# [TASK ITEM]
Below are records with pictures in them; print them exactly, omitting the pictures.

# [EXTRACTED RECORDS]

+===+

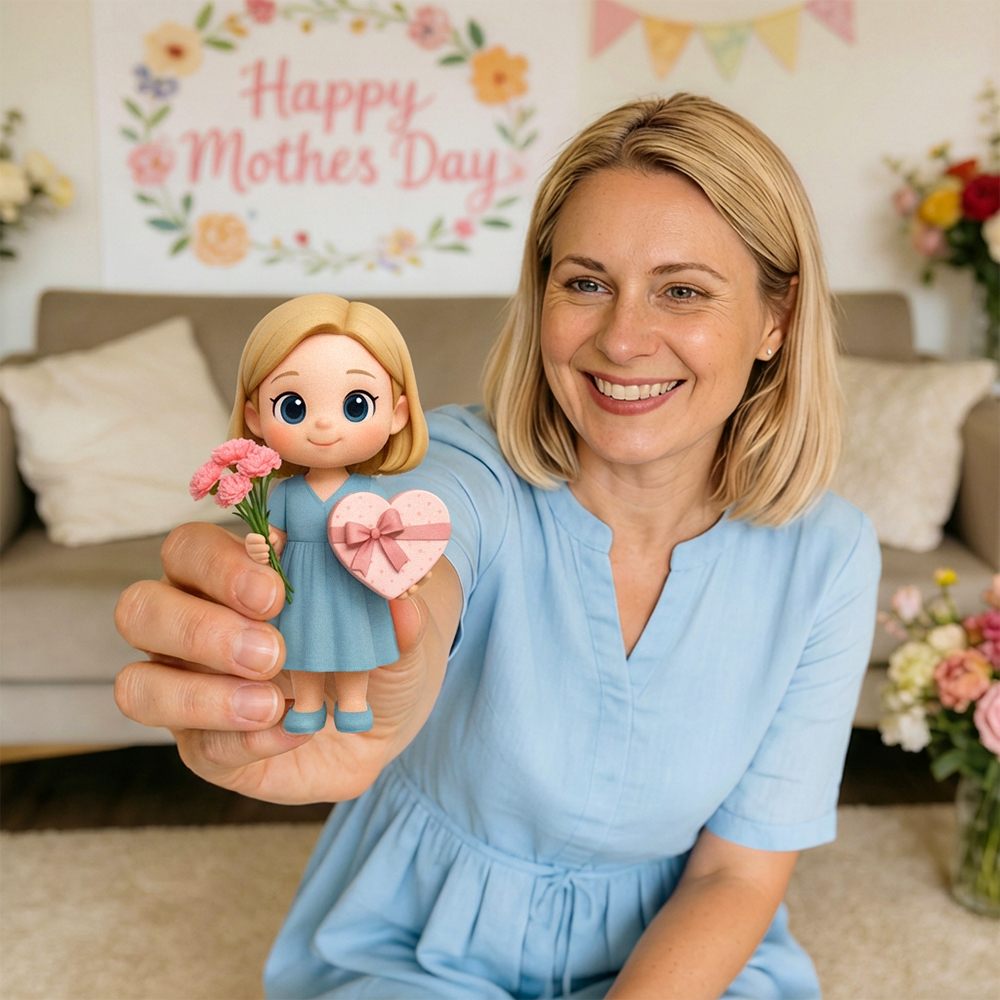 写真から作るカスタム3dミニフィギュア 母の日のプレゼントにママへ - 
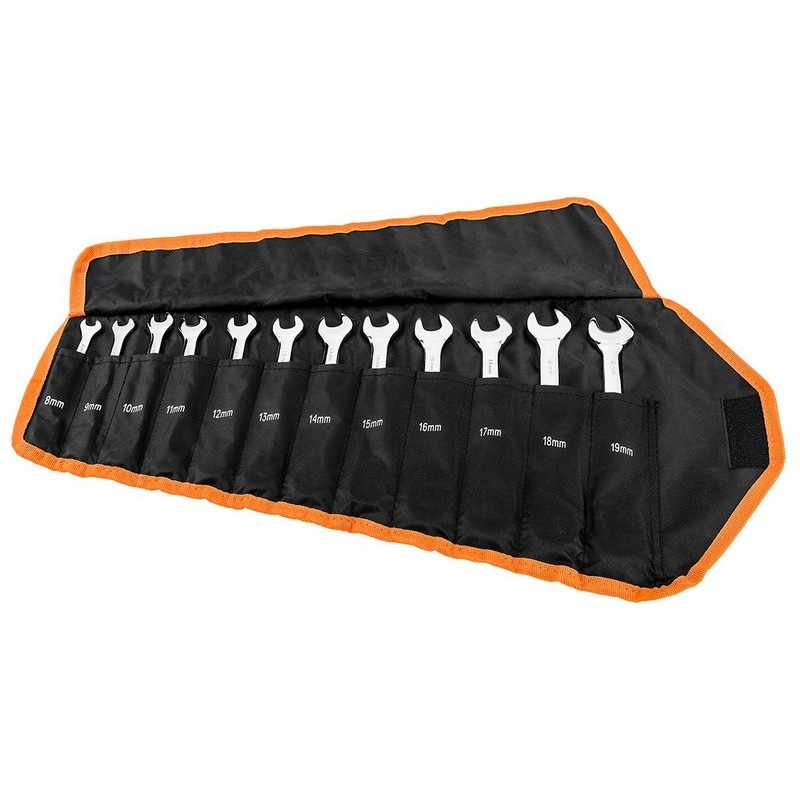 Kľúče očkové s hrkálkou a prepínačom 12 ks 8-19 mm Plachta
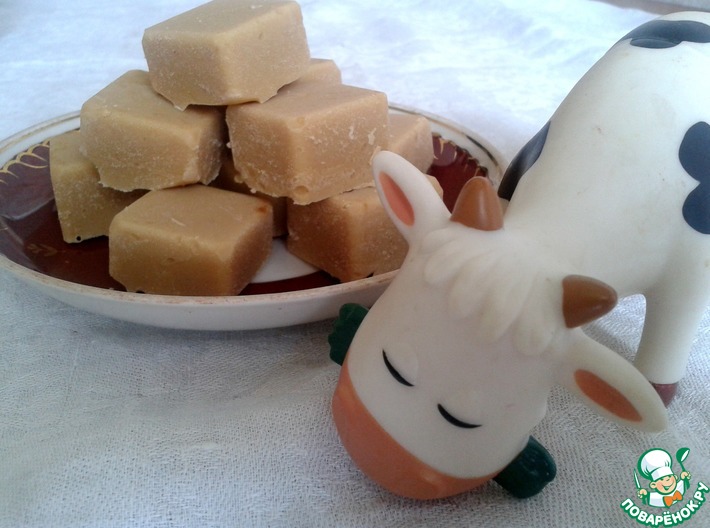 Домашние конфеты "Коровка" – кулинарный рецепт
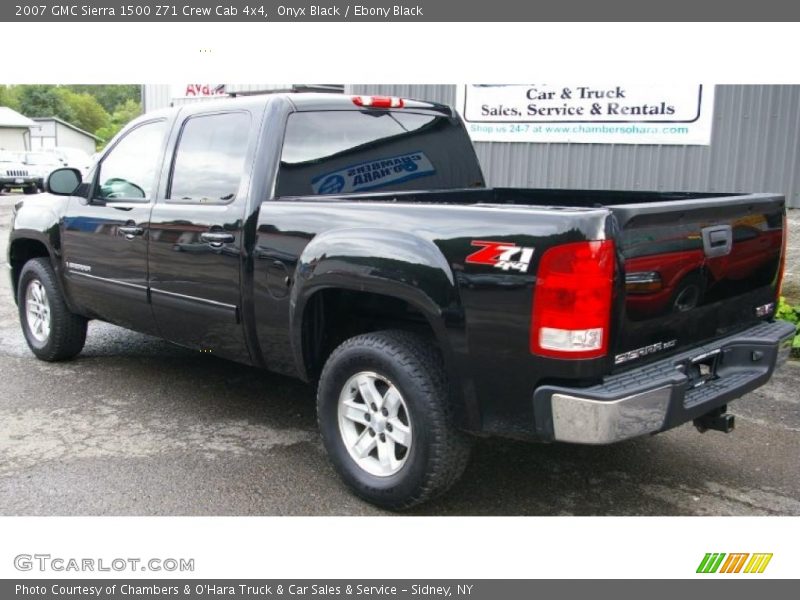 Onyx Black / Ebony Black 2007 GMC Sierra 1500 Z71 Crew Cab 4x4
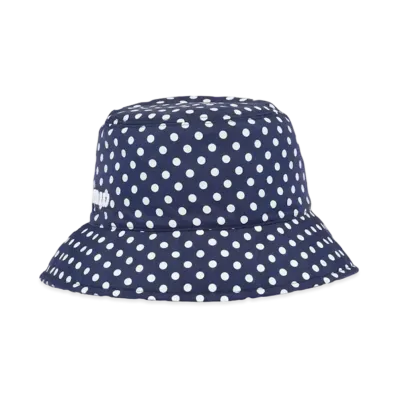 MIU MIU Printed Favorite Bucket Hat "Blue/Ivory"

+===+

# [RESPONSE AREA]
 写真から作るカスタム3dミニフィギュア 母の日のプレゼントにママへ - 
 Kľúče očkové s hrkálkou a prepínačom 12 ks 8-19 mm Plachta
 Домашние конфеты "Коровка" – кулинарный рецепт
 Onyx Black / Ebony Black 2007 GMC Sierra 1500 Z71 Crew Cab 4x4
 MIU MIU Printed Favorite Bucket Hat "Blue/Ivory"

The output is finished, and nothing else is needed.